What would you say to a low-impact exercise during pregnancy that’s proven to strengthen your whole body, relieve the swelling, aches and pains of pregnancy and prepare you for labor and birth? “Sign me up!” is right!
That’s exactly what yoga can do for you before, during and after pregnancy, as proven by moms and experts alike. There’s an abundance of research on the effects of yoga on your health (it’s great for you!) and on pregnancy (ditto). Studies show that regularly practicing yoga during pregnancy can lead to shortened labors and faster recoveries, decreased levels of pain before, during and after pregnancy and greater flexibility and strength throughout.
And, as a bonus, the breathing techniques used with yoga help you focus and move through the intense contractions of active labor.
This balancing pose can be supported with a wall, chair or table as your pregnancy progresses. Step forward with your right or left leg until your knee is bent 90-degrees over the heel – don’t extend the knee beyond the ankle. Then step back with your opposite leg until it is 45-degrees behind the body. Keep your knees soft.
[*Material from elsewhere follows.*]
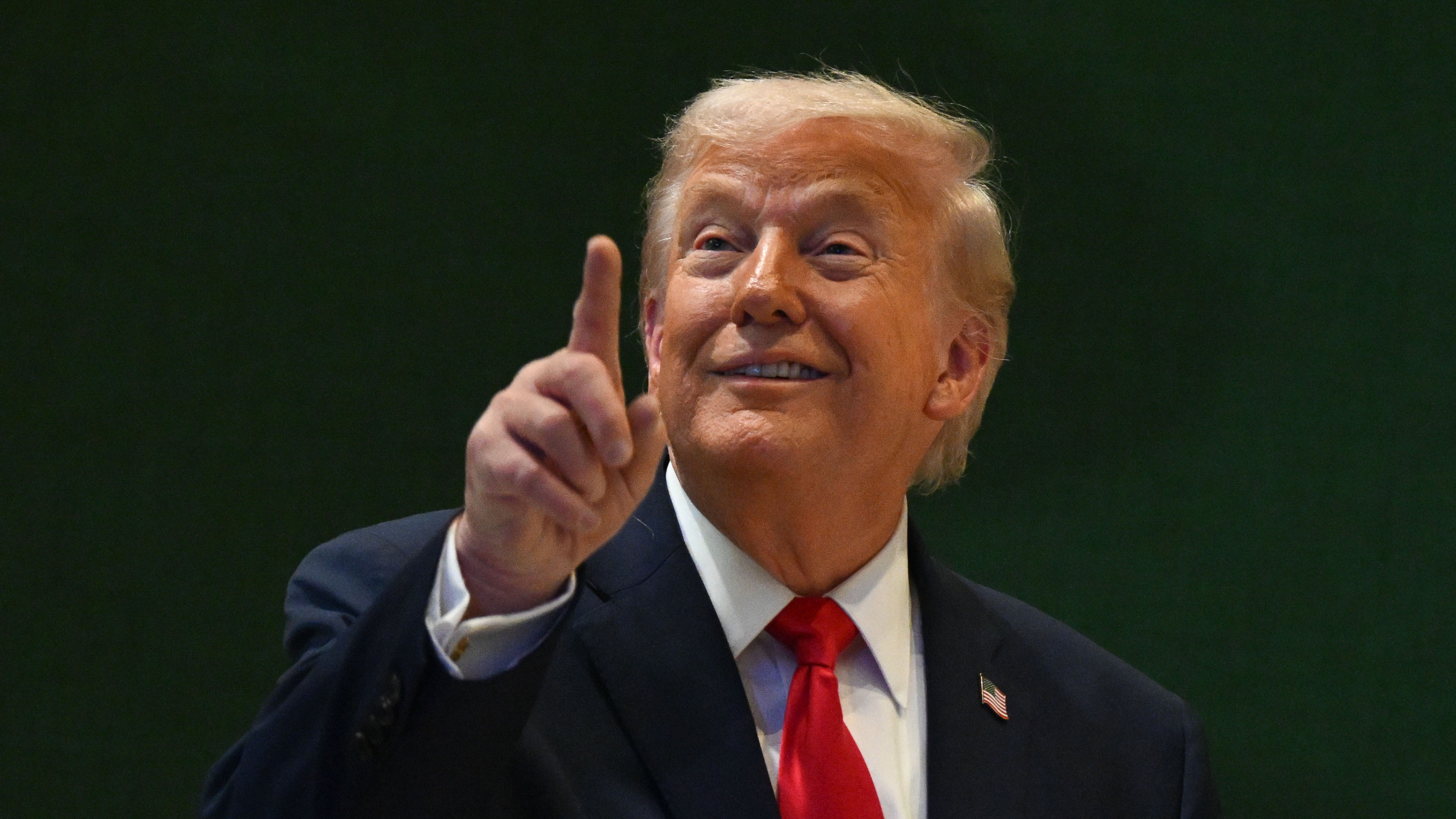 Donald Trump pointing as he speaks.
Inhale as you slowly lift your arms above your head and hold them when they are directly extended above your body. Exhale as you release the pose. Modify this to maintain your balance by extending your arms out to your side (easier) or in front or back (more challenging).
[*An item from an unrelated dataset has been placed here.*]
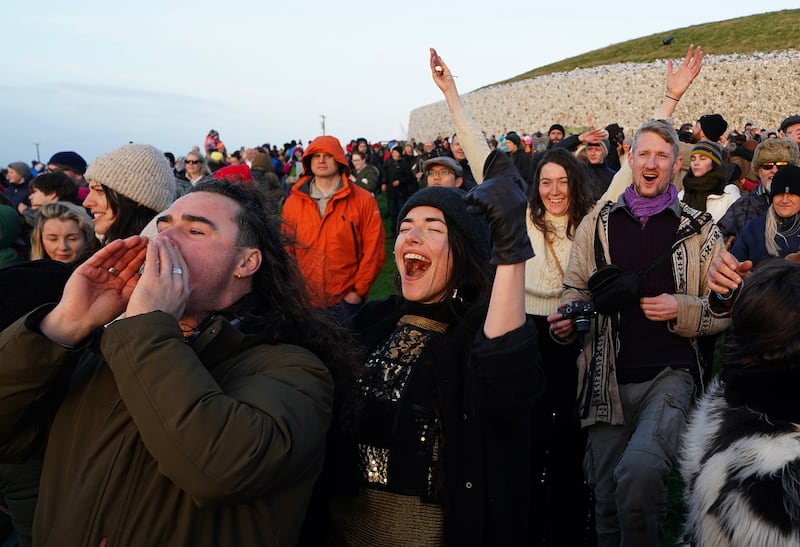 People celebrate the sun rising as they gather at Newgrange. Photograph: Brian Lawless/PA Wire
This version of this popular pose perfects your posture to prevent neck strain and headaches. Stand with your toes together, heels slightly apart (widen your stance as your pregnancy progresses). Allow your arms to drop along the sides of your body, palms facing forward and open. Stand firmly into all areas of your feet and inhale as you move your shoulders back without lifting your arms until you’re squeezing your shoulder blades. Exhale as you release your breath as you relax your shoulders and return to center.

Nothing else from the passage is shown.